367 kararını bir başlangıç merkezi kabul edersek Anayasa Mahkemesi, yakın zaman içinde adım adım kendisini mutlak, aldığı kararlar yanlış ve usule aykırı bile olsa sorgulanamaz bir konuma getirmiştir. Aslında olup biteni daha basit ifade etmek yerinde olacaktır: Demokratikleşmeye, normalleşmeye direnen statüko, mahkeme üzerinden keyfi ve sınırsız yorum yoluyla savunma yapmaktadır. Mahkeme, benim kararlarım ne olursa olsun herkesi bağlar diyerek her türlü sonsuz ve sınırsız yorum ile siyasi kararlar almaktadır. Bir bakıma fiilen Anayasa Mahkemesi hiçbir yasal ve anayasal kuralı tanımaz halde kendisine namütenahi bir hareket ve yetki alanı yaratmıştır. Bu şu anlama geliyor: Mahkeme, artık istediği konuda istediği biçimde karar alır. Demokratik yollardan ümidini kesen sivil uzantılar ise Anayasa Mahkemesi´nin siyasal sistemin bütününün en üstünde bir yerde olduğunu iddia etmektedirler. Bu görüşe göre Anayasa Mahkemesi sistemin en üstünde her şeyi kontrol etmeye muktedir bir kurumdur. Ancak iki temel soru ile Türkiye karşı karşıyadır: 1. Anayasa Mahkemesi, bütün sistemin üstünde midir? 2. Anayasa Mahkemesi anayasal düzene ve uyuma aykırı eylemde bulunursa ne yapılmalıdır? İlk olarak hemen belirtmek gerekiyor ki Anayasa Mahkemesi, Türk idari ve siyasal sisteminin en üstünde bir yerde değildir. Anayasa, mahkemeye ancak yasamanın anayasaya uygunluk denetimini yapmasına izin verir. Dolayısıyla bazılarının iddia ettiği gibi Anayasa Mahkemesi, bütün düzenden, siyasal sistemden sorumlu değildir. Mahkeme ancak usulüne uygun olarak yasama faaliyetlerini usul ve içerik açısından denetler. Mahkemenin bütün sistemin işleyişine nazır bir yerde olduğunu iddia etmek mümkün değildir.

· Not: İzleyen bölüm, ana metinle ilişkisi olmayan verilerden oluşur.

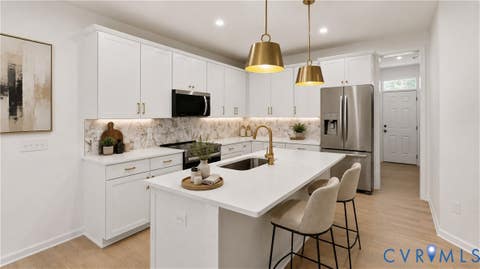 Tiny photo for 4324 Aurora Drive, Moseley, VA 23120 (MLS # 2621814)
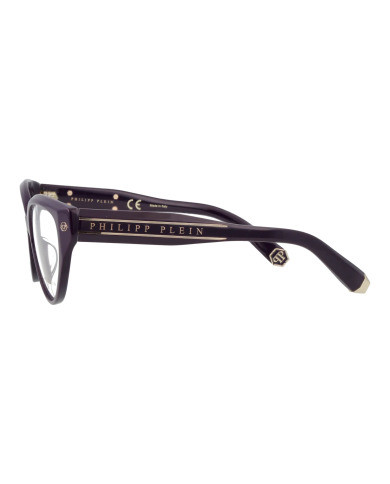 MONTATURE DA VISTA DONNA PHILIPP PLEIN VPP052M 5409NU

Anayasası´nın 104. maddesine göre cumhurbaşkanının en tepede yer alması
Peki Türkiye Cumhuriyeti Anayasası´na göre bütün sistemin üstünde olan ve bütün ´devlet organlarının´ işleyişini gözetmekle yükümlü kurum kimdir? TC Anayasası´nın 104. maddesi bu yetkiyi ve konumu açıkça cumhurbaşkanına vermiştir. İlgili madde, cumhurbaşkanına ithafen şöyle demektedir: ´Anayasa´nın uygulanmasını, devlet organlarının düzenli ve uyumlu çalışmasını gözetir.´ Bu madde açıkça anayasanın uygulanmasını, devlet organlarının uyumlu ve düzenli çalışmasını gözetmek yetkisini cumhurbaşkanına vermektedir. Yani Anayasa Mahkemesi de dahil bütün kurumların üstünde olarak onları uyum ve düzen açısından gözetebilecek kişi cumhurbaşkanıdır.Asıl önemli olan Anayasa´nın 104. maddesi bize yukarıdaki ikinci soru hakkında da cevap vermektedir. Anayasa´nın bu maddesine göre cumhurbaşkanı ´devlet organlarının´ anayasal düzen ve uyuma göre işlemesini gözetir. Devlet organları içinde Anayasa Mahkemesi de bulunmaktadır. Açık ifade edersek Anayasa Mahkemesi´nin anayasal düzen ve uyum içinde işlemesini gözetmek hakkına cumhurbaşkanı sahiptir. Burada üzerinde durulması gereken iki kavram ´düzen ve uyum´ olmalıdır. ´Uyum´ devlet organlarının birbirinin yetki alanına girmeden Anayasa´nın emrettiği biçimde iş görmesidir. Mesela Anayasa Mahkemesi kendini yasa koyucu yerine koyamaz. Yaparsa bu, anayasal uyumu ihlal anlamına gelir. ´Düzen´ ise her bir devlet organının işleyişini Anayasa´nın belirttiği biçimde yapmasıdır. Mesela yine Anayasa Mahkemesi anayasa değişikliklerinin içeriğine bakmaya kalkarsa Anayasa´nın belirttiği düzeni ihlal eder.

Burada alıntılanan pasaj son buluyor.